En septième lieu, M. Jean-Claude Etienne, rapporteur pour avis, a exprimé le regret que l'on reprenne partiellement de la main gauche ce que l'on donne de la main droite... En effet, le projet de loi prévoit d'annuler 500 millions de crédits en 2010 pour gager les charges d'intérêt de l'emprunt national. Tous les ministères seront concernés, à hauteur de 125 millions d'euros pour l'enseignement supérieur et près de 3 millions pour la culture. On peut s'étonner de cette démarche, alors que ces secteurs ont été reconnus comme prioritaires, même si l'on peut comprendre les contraintes liées au niveau de la dette publique et l'arbitrage qui consiste à privilégier l'investissement et à inciter aux économies sur le fonctionnement.

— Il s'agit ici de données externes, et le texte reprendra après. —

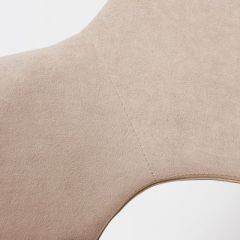 Стул К-14 бежевый/черный в Лесном - lesnoy.mebel24.online | фото 3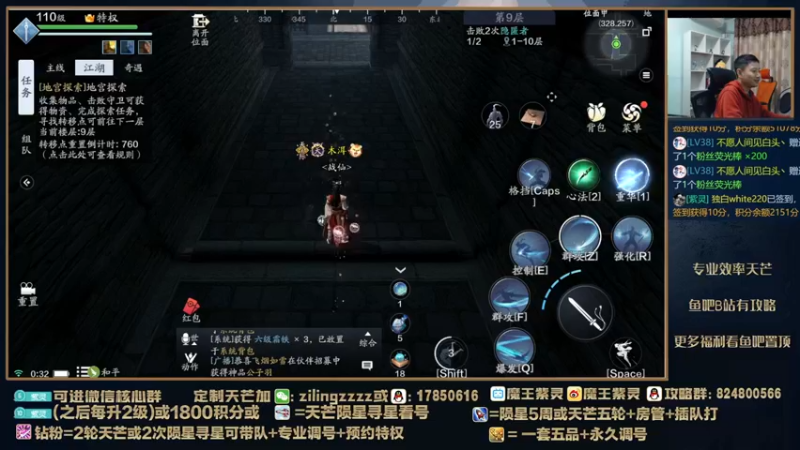 【2022-02-07 00点场】魔王紫灵：紫灵:加班打天芒！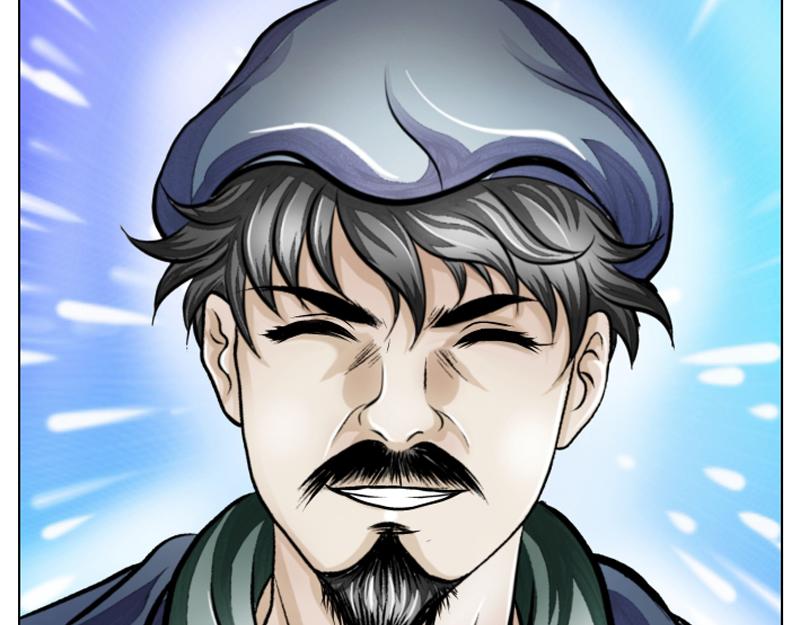 第十八章 拍卖受辱(1/2)-第18话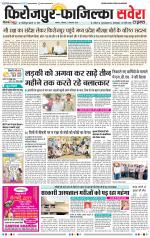 Firozpur / Fazilka Savera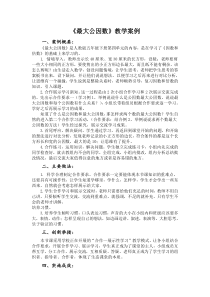数学五年级下册《最大公因数》教学素材-【人教版】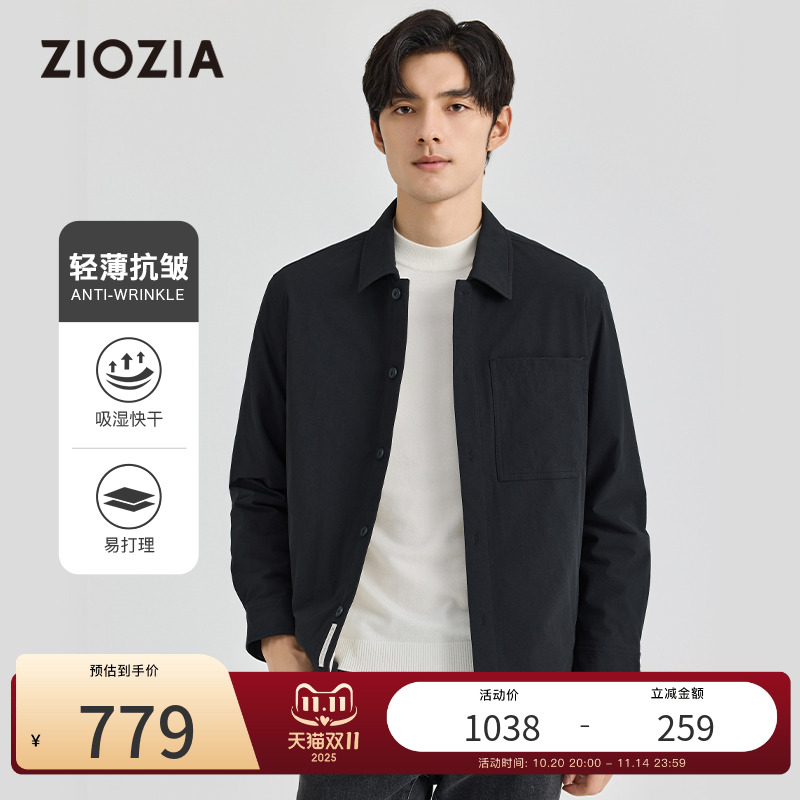 ZIOZIA秋冬宽松夹克外套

Enfin, M. Jean-Claude Etienne, rapporteur pour avis, a proposé de donner un avis favorable à l'adoption de l'article 1er (nouveau) introduit par l'Assemblée nationale, en faveur du jeu vidéo. Il s'agit de fixer à 100 000 euros, au lieu de 150 000, le montant minimum des budgets de production requis pour l'éligibilité des projets au crédit d'impôt en faveur de la création de jeux vidéo, et de tenir compte de l'évolution structurelle du marché du jeu vidéo et des nouveaux modèles de production. En effet les budgets des jeux destinés à une mise en ligne et/ou à une exploitation sur téléphone portable sont moins importants que ceux des jeux traditionnels. Le montant minimum de 150 000 euros qui était justifié pour les jeux sur support physique apparaît donc inadapté aux jeux en ligne.